Andrew Hill
Royal Bank of Scotland’s share issue has to go down as the biggest flop in the history of modern British equity capital raising, as measured by investor take-up. That investors subscribed for as much as 0.24 per cent of the offer is a miracle, given the stock was trading below the issue price. It makes the 8.29 per cent take-up of HBOS’s catastrophically over-extended rights issue during the summer look a triumph. Even the October 1987 BP share issue, which straddled Black Monday, did better.
Whatever the government hoped, the RBS issue always looked destined to end in taxpayers’ hands. The unpopularity of this summer’s capital raising by the banks set the tone. After RBS attracted 95 per cent subscription to its £12.2bn rights issue, launched in April, the much smaller Cattles was the only financial company to achieve more than a 30 per cent take-up of new shares from its investors.
The latest RBS offer was so unorthodox that it doesn’t bear comparison. But the BP parallel is interesting. In 1987, the Bank of England stepped in overnight to set a floor for the partly-paid shares in BP. If markets had continued to buckle after Black Monday and confidence had disintegrated, the Bank could have ended up holding stock in the oil company. The plan was based in large part on the Bank’s ability to restore confidence. It worked – only a tiny sliver of BP ended in the Bank’s hands – but only just, and partly because the Kuwait Investment Office accumulated a large stake in the oil company, to the embarrassment of the government of the day.

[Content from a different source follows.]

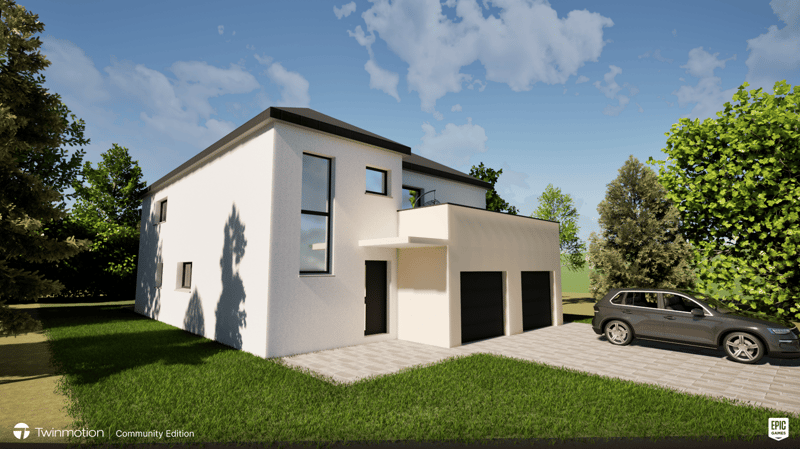 Wohnungs BauProjekt in Sierentz neben Bahnof richtung Basel (8)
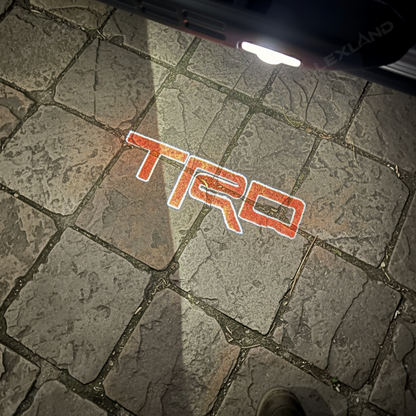 4Runner Door Puddle Lights LED Welcome Lights TRD Logo Door Projector Lights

BP was already on a steady course out of public ownership. Black Monday was a sudden shock, which interrupted an aggressive promotion of BP shares to institutions and the public. Once the Bank offered to be the buyer of last resort, the KIO and the pent-up demand created before the slide in world markets helped sustain the price. The RBS offer, on the other hand, came at the end of wearying months of bad news, with investors already exhausted by cash calls from RBS itself and competitors.
While the immediate outcome of the BP debacle was messy, it looks in retrospect like a milestone in the creation of a genuine private-sector champion. With some urging the government to “nationalise” RBS fully, few would bet on such a positive outcome from this Black Friday.
Shortcut to Tate modern
In these straitened times, a man with a reputation for recommending government cost-cuts must be in demand, so Sir Peter Gershon’s appointment as chairman-elect of Tate & Lyle is the icing on the sugar and sweetener group’s cake.

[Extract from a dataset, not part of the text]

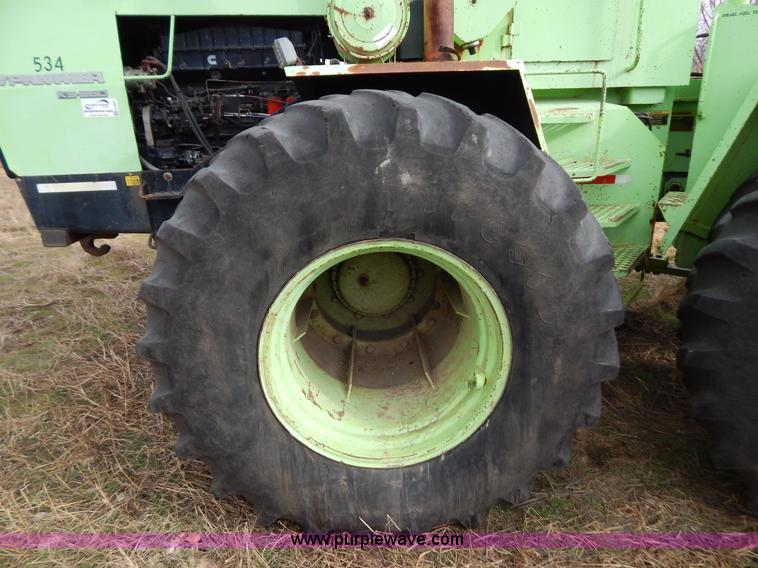 image for item H3801 1984 Steiger Panther KS-360 4WD tractor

Tate has made big strides to reshape itself recently. Last month, the group signalled it would now focus on raising its return on assets following a long and expensive programme of capital investment. A few tips from Sir Peter about how to achieve those higher returns can’t go amiss, but the hard work is done.
The prospect of a change of chairman is bound to raise questions, though, about whether Iain Ferguson, chief executive, will then come under pressure to step down. That debate looks out of date. The threat to Mr Ferguson was at its highest in autumn last year, after a string of profit warnings. But while the finance director left, Mr Ferguson weathered the crisis. Credit must also go to Sir David Lees, the group’s veteran chairman, who helped keep shareholders sweet.

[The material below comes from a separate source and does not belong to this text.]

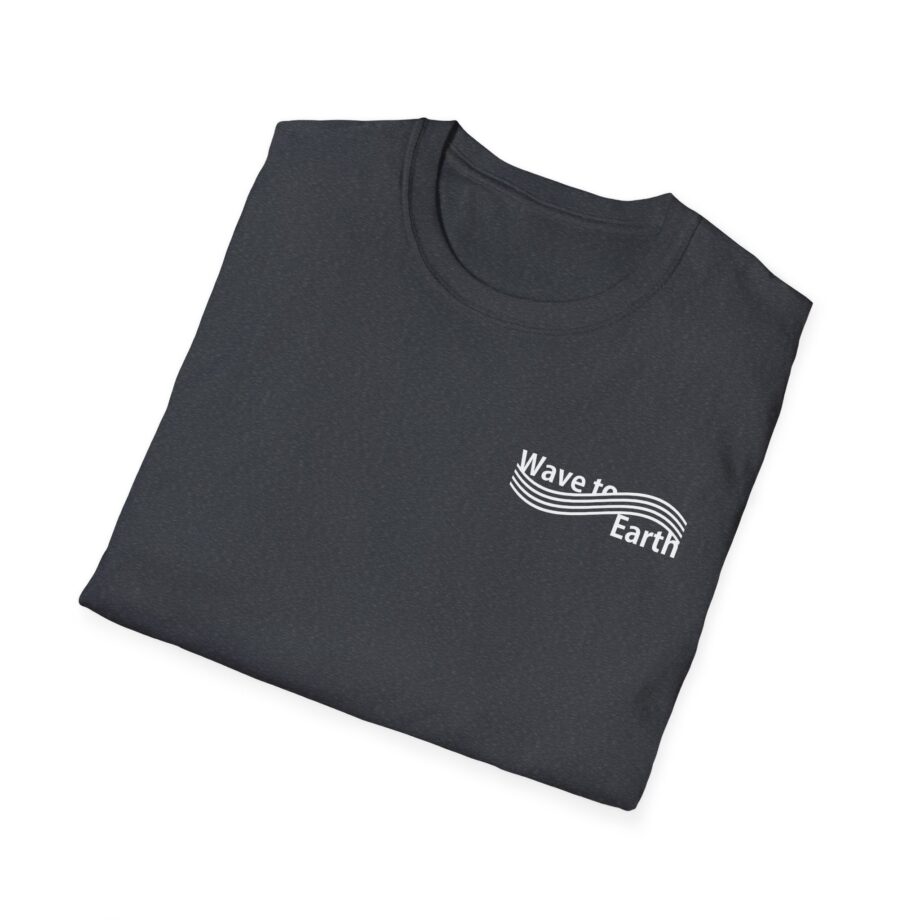 Wave to Earth Unisex Softstyle T-Shirt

Sir Peter’s record as chairman at Premier Farnell shows he does not hang around if he believes the wrong person is in the executive suite. He joined the board there in June 2004, took over as chairman in March of the following year and within three months the chief executive had gone. But the electrical components company’s share price had plummeted in the year leading up to that rupture. Tate, by contrast, has again started to outperform the market, helped by its commitment to rising dividends at a time when many are freezing or cutting their pay-outs.
Mr Ferguson’s tenure will not be eternal. Having modernised Tate’s strategy, he will probably be the first to suggest an orderly transition once the new chairman has settled in. But, assuming he can hold Tate steady through the downturn, he should be able to set his own timetable.
Suitably generous
So much for speculation about Sir Philip Green’s plans for Moss Bros. After barely a fortnight, he has flipped his stake in the men’s wear chain to Simon Berwin. For a £1.05m profit, negligible by Sir Philip’s standards, the entrepreneur seems to have done a good deed to Mr Berwin and, potentially, to Moss Bros itself. With discount wars ravaging the high street and vultures squabbling over the carcases of Woolworths and MFI, such an outbreak of seasonal goodwill looks rather touching.